ARTIGO: O desconhecido desconhecido, o derramamento de óleo em nossas praias, e um necessário exercício da humildade.

15/10/2019 16:42


ARTIGO: O desconhecido desconhecido, o derramamento de óleo em nossas praias, e um necessário exercício da humildade.

*João Augusto Bandeira de Mello

De onde veio o óleo não se sabe ainda. O que causou é não sabido. Quem é o responsável, ninguém sabe. Os prejuízos ao ambiente e à vida do Nordeste, ainda não foram calculados. A incerteza que envolve este terrível acontecimento nos intriga, nos angustia, nos faz procurar respostas efetivas.

A incerteza e o desconhecido estão em todos os campos de nossas vidas: seja na escolha de uma profissão; em começar uma nova carreira; iniciar um relacionamento; empreender em uma nova área; na eleição de um representante. A vida simplesmente se apresenta e temos que tomar decisões onde muitas vezes não temos todas as informações para embasar o caminho escolhido. O caminho pode ser tortuoso, mas tem que ser trilhado.

Estou lendo um livro muitíssimo interessante sobre como lidar com o este desconhecido, ou seja, com assuntos ou situações que não têm respostas prontas e cujas decisões têm que ser tomadas em seara de incerteza.  No percorrer do livro (que ainda não terminei), intitulado “Not Knowing” (que seria, em tradução livre, “Não sabendo”), dos autores Steven D’Souza e Diana Renner; estes realçam que o absoluto controle é sempre uma ilusão, e que temos que ter a maturidade, a racionalidade e a resiliência necessárias para lidar com o incerto, procurando maximizar os acertos e principalmente aprender com o caminho.

E, nesta toada, segundo os autores, talvez o maior perigo neste trato (luta) com o desconhecido, seria exatamente considerar uma situação onde paira e assombra uma incerteza, como se fosse algo plenamente controlado. Para tanto, citam lapidar frase do Secretário de Defesa americano durante a Guerra do Iraque, Donald Rumsfeld, que, discorrendo sobre a existência ou não de evidências de armas de destruição em massa sob o domínio de Saddam Hussein, sintetizou as esferas cognitivas que se apresentam ao ser humano responsável pela tomada de decisão. 

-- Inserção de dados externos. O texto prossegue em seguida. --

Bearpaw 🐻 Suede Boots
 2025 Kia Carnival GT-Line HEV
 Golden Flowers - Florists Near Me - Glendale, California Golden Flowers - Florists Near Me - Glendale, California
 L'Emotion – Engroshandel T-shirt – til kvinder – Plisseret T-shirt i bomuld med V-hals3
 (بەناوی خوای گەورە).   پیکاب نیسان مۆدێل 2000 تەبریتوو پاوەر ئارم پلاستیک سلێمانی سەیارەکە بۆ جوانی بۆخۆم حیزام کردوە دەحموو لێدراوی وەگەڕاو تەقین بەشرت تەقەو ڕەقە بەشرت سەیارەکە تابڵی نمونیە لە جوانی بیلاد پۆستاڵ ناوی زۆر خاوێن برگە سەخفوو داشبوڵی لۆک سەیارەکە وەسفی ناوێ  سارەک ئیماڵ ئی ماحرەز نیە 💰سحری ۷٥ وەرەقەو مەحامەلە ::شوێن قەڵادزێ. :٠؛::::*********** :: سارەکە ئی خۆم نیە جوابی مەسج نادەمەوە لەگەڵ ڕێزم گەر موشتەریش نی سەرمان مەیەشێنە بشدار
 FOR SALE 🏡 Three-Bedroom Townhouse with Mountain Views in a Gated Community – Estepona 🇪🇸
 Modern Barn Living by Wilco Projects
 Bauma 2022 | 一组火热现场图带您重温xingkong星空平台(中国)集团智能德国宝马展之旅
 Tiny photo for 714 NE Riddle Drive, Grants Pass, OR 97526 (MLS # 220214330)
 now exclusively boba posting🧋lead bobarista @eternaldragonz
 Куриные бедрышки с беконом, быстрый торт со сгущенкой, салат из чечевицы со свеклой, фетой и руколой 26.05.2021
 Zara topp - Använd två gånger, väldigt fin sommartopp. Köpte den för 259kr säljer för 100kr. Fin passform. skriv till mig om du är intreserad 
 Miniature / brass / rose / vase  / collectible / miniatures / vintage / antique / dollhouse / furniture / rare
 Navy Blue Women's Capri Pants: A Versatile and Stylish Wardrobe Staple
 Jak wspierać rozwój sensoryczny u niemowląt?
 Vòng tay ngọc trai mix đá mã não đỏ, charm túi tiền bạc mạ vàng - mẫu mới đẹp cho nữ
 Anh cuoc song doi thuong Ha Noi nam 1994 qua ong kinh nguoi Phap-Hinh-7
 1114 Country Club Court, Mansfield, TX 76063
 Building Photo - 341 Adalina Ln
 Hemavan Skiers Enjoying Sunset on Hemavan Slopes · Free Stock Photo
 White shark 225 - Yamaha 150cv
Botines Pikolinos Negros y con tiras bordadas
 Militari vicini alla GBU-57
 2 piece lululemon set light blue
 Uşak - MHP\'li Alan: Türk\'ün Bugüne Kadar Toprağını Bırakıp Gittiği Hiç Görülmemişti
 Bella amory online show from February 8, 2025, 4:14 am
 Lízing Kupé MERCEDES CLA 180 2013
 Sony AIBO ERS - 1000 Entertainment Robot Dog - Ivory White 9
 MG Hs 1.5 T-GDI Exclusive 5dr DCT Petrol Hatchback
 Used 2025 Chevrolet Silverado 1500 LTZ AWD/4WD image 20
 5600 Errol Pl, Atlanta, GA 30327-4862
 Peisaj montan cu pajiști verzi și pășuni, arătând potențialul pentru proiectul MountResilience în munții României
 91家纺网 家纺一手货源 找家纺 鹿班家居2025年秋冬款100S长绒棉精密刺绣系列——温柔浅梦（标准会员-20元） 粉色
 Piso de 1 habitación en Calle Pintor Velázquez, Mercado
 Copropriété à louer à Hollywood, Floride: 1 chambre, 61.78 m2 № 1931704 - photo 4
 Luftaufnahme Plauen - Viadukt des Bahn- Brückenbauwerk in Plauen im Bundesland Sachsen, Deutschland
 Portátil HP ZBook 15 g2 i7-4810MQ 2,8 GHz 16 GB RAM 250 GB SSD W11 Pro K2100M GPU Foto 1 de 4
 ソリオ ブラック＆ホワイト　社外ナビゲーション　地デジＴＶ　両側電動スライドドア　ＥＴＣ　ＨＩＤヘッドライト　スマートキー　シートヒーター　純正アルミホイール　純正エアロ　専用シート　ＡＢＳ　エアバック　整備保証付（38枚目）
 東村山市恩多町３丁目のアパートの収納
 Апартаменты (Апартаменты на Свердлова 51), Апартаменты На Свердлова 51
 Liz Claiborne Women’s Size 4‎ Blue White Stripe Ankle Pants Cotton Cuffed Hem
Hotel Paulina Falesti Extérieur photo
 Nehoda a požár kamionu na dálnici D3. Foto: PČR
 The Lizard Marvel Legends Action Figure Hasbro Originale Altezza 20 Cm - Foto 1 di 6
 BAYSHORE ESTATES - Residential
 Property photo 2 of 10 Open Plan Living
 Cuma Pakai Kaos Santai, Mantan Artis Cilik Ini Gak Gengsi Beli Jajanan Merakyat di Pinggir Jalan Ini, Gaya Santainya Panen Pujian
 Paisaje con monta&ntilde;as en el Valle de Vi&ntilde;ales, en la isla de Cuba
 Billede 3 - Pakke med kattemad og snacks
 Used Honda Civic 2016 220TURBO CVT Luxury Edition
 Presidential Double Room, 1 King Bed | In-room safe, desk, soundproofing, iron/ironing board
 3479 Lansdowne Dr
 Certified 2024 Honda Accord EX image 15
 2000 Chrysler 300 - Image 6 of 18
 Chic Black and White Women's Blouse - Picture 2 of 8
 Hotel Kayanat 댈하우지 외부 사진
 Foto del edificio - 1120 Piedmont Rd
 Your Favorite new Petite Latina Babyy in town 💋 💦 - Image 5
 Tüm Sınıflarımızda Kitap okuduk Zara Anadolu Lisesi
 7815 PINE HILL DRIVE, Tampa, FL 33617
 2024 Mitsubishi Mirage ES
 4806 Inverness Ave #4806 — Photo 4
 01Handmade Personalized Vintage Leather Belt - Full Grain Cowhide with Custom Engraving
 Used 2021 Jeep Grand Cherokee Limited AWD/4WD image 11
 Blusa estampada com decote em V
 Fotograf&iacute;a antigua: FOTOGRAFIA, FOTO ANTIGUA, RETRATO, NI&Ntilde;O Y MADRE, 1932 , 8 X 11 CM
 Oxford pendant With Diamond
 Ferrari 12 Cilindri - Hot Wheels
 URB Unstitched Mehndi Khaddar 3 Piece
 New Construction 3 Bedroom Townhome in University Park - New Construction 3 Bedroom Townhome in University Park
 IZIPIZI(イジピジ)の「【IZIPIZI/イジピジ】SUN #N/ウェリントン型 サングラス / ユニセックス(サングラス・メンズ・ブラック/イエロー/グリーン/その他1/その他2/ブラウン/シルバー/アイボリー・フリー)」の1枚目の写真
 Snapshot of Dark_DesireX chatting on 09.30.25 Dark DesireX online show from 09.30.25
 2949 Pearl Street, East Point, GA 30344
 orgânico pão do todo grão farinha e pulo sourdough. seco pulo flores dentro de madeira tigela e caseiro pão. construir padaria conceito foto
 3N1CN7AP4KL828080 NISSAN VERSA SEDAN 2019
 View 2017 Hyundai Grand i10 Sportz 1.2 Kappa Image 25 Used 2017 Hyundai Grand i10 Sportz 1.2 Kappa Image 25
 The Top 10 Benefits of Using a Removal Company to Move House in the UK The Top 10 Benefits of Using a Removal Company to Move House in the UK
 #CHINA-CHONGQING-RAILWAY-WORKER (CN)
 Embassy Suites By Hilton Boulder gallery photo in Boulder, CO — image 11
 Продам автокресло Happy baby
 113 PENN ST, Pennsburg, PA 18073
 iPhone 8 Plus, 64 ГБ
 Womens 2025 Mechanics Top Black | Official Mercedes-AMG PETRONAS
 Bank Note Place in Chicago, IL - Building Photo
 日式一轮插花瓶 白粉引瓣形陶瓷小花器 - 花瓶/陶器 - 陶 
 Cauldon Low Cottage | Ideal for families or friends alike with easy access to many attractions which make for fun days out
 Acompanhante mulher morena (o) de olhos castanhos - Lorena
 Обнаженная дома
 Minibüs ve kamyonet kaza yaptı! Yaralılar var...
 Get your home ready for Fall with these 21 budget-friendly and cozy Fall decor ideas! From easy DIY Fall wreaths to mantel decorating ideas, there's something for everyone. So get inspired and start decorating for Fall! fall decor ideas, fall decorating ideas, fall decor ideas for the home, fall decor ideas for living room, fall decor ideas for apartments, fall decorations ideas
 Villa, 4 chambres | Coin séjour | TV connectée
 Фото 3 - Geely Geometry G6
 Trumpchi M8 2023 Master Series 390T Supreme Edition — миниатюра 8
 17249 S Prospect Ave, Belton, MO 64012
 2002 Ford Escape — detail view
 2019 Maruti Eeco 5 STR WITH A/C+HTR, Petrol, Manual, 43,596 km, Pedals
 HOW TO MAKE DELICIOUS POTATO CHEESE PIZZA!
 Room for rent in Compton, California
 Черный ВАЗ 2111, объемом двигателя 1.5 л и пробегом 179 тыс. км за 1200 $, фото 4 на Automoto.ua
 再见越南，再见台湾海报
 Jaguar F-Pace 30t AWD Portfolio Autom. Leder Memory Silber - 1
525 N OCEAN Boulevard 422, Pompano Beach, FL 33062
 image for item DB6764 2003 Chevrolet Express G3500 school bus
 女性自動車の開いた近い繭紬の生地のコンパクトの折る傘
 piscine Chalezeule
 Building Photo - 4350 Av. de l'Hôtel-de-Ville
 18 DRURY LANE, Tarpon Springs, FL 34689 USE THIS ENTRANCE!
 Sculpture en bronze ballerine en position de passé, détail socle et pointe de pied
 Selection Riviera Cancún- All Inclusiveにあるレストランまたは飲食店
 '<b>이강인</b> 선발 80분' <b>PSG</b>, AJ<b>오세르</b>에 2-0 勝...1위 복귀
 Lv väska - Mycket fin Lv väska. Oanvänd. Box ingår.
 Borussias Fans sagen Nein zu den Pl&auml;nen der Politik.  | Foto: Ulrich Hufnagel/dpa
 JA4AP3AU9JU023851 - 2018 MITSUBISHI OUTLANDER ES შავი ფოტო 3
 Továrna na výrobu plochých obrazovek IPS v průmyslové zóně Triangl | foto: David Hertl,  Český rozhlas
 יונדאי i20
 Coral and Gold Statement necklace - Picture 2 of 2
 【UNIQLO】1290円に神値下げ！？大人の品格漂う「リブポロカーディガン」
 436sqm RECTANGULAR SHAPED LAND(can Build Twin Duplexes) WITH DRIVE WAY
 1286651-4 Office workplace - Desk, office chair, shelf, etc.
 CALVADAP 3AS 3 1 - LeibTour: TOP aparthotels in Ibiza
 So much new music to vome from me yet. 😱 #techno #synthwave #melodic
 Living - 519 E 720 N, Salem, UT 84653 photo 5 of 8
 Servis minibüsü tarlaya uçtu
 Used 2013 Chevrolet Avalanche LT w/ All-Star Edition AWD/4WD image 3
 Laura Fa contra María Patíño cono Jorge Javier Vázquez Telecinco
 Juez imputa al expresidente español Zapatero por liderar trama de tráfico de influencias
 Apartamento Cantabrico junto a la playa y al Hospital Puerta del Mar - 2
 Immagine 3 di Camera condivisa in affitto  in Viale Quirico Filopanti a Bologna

Disse Rumsfeld (também em tradução livre): “Existem conhecidos conhecidos; ou seja, há coisas que sabemos que nós sabemos. Existem conhecidos desconhecidos, que quer dizer, existem coisas que, para este momento, sabemos que sobre as quais não temos conhecimento. Mas há também os desconhecidos desconhecidos – coisas que nós não sabemos que não conhecemos. (...) E estes últimos são as mais difíceis de lidar. 

Para aclarar vejamos exemplos do que se quis dizer, a começar pelo conhecido conhecido, que é representado por aquela situação, para a qual a experiência/ciência já tem o procedimento ou a solução. Conceito que vale para o ato de fabricar um carro, ou um remédio; para fazer uma transmissão via internet; para transformar água salgada em água potável, entre tantas outras coisas de nosso cotidiano. 

Como conhecidos desconhecidos, temos aquelas situações para as quais há protocolos científicos ou de experiência de que não se sabe a resposta ou a solução, tais como: a obtenção de uma cura em massa para a AIDS ou para o câncer (uma cura que atinja todos os casos e a qualquer tempo); ou como impedir fenômenos catastróficos da natureza, que sabemos que irão acontecer. Neste campo, trabalha-se efetivamente na convivência com os fenômenos, tentando prevenir os danos e/ou mitigando os seus efeitos.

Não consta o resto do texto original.